**What is needed:** None of the pictures should appear; the lines from the line containing "6 gorras de" through the last line of the listing must be repeated exactly.

**Records provided:**
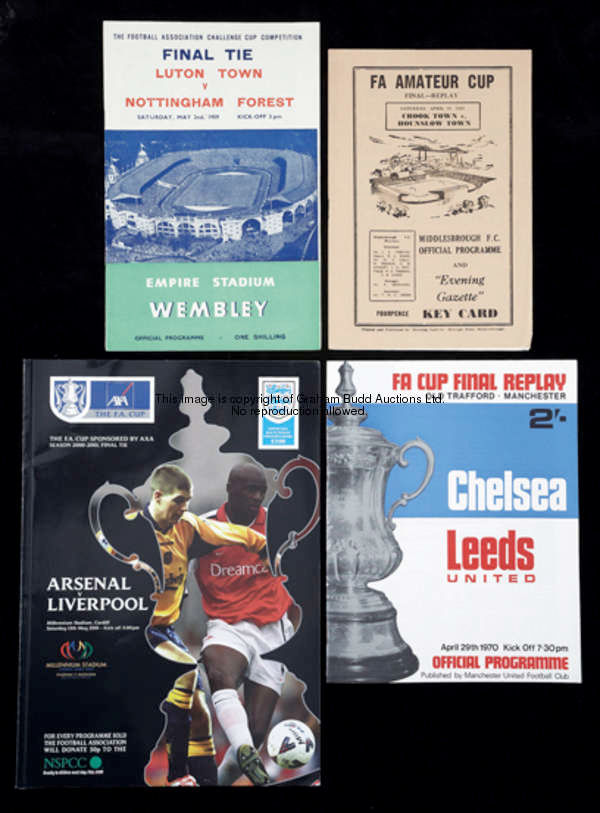 An unbroken run of F.A. Cup final programmes for 1959 to 2005, including replays for 1970, 1981, 198...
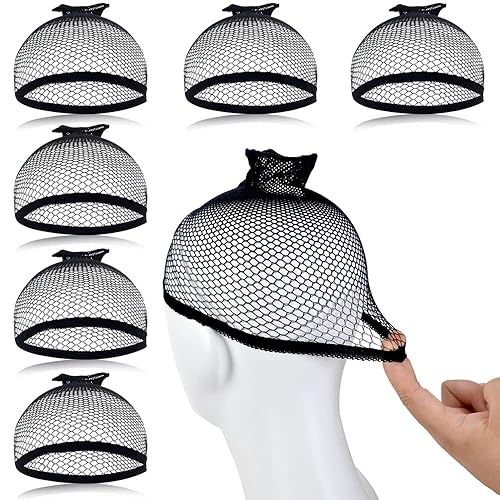 6 gorras de peluca de malla negra transpirable para peluca, red de cabello para peluca de extremo cerrado, gorra de peluca
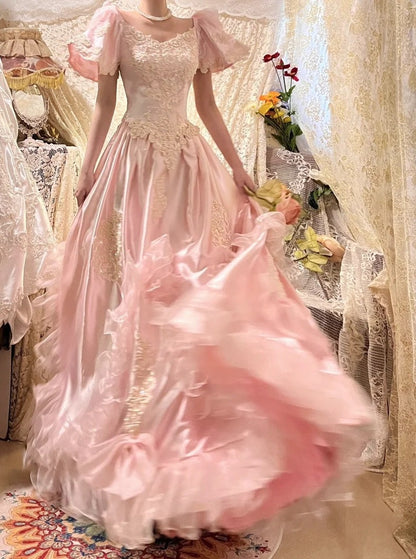 Charming Prom Dress A Line Light Pink V-neck Gala Dress Evening Dress 18th Graduation Gown      D5339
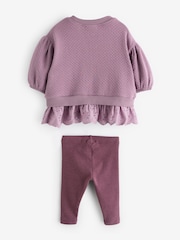 Purple Broderie Hem 100% Cotton Leggings Set (3mths-7yrs) - Image 7 of 7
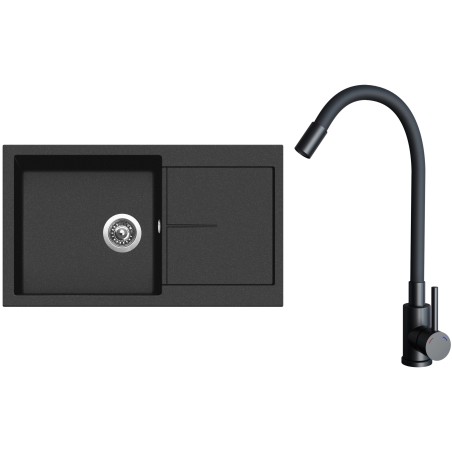 Set Sinks G32074 (dřez Infinity 860 Metalblack 74 + baterie Elasta Černá matná)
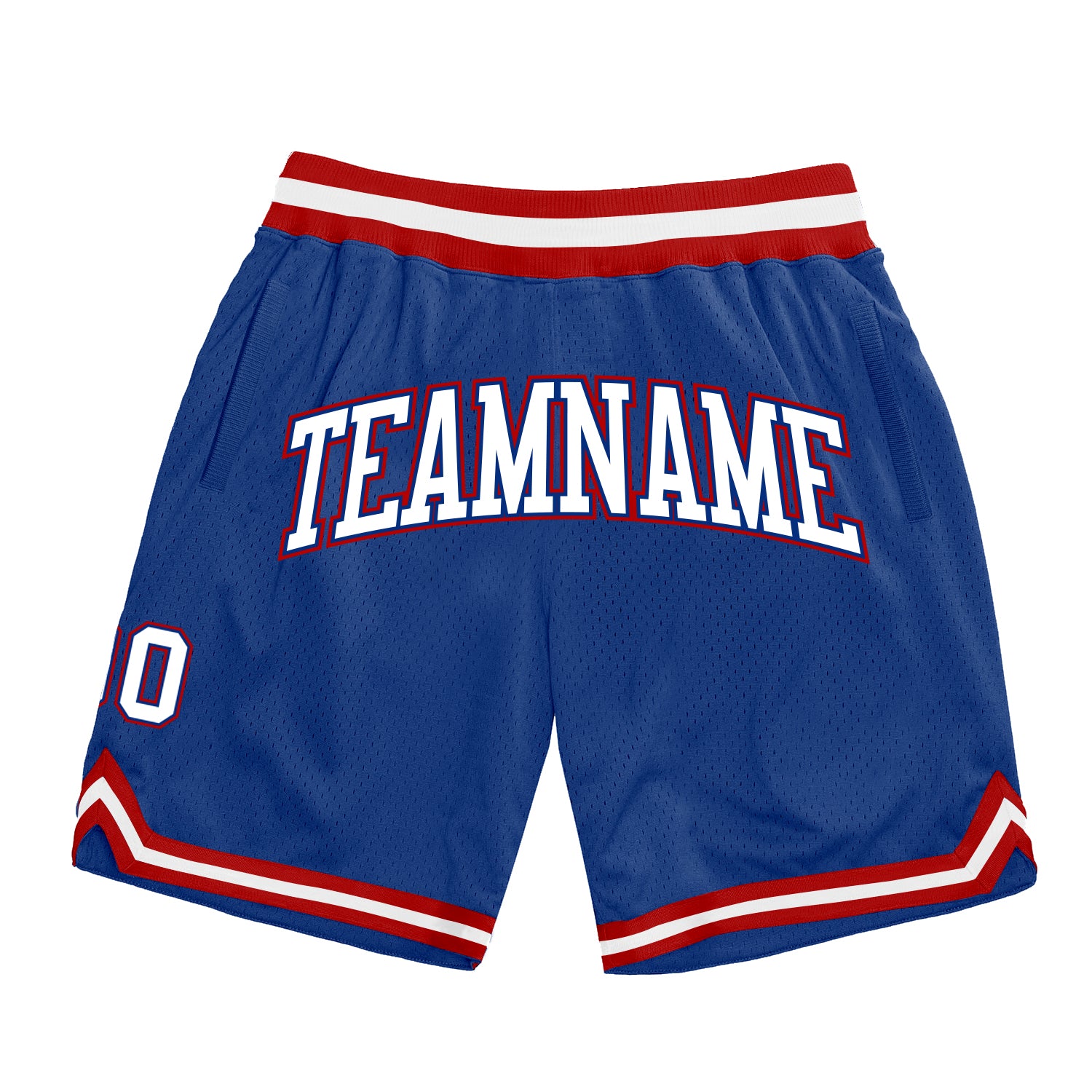 Personalized Authentic Basketball Shorts - Royal White-Red Throwback Style Personalized Royal White-Red Authentic Throwback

**Solution:**
 6 gorras de peluca de malla negra transpirable para peluca, red de cabello para peluca de extremo cerrado, gorra de peluca
 Charming Prom Dress A Line Light Pink V-neck Gala Dress Evening Dress 18th Graduation Gown      D5339
 Purple Broderie Hem 100% Cotton Leggings Set (3mths-7yrs) - Image 7 of 7
 Set Sinks G32074 (dřez Infinity 860 Metalblack 74 + baterie Elasta Černá matná)
 Personalized Authentic Basketball Shorts - Royal White-Red Throwback Style Personalized Royal White-Red Authentic Throwback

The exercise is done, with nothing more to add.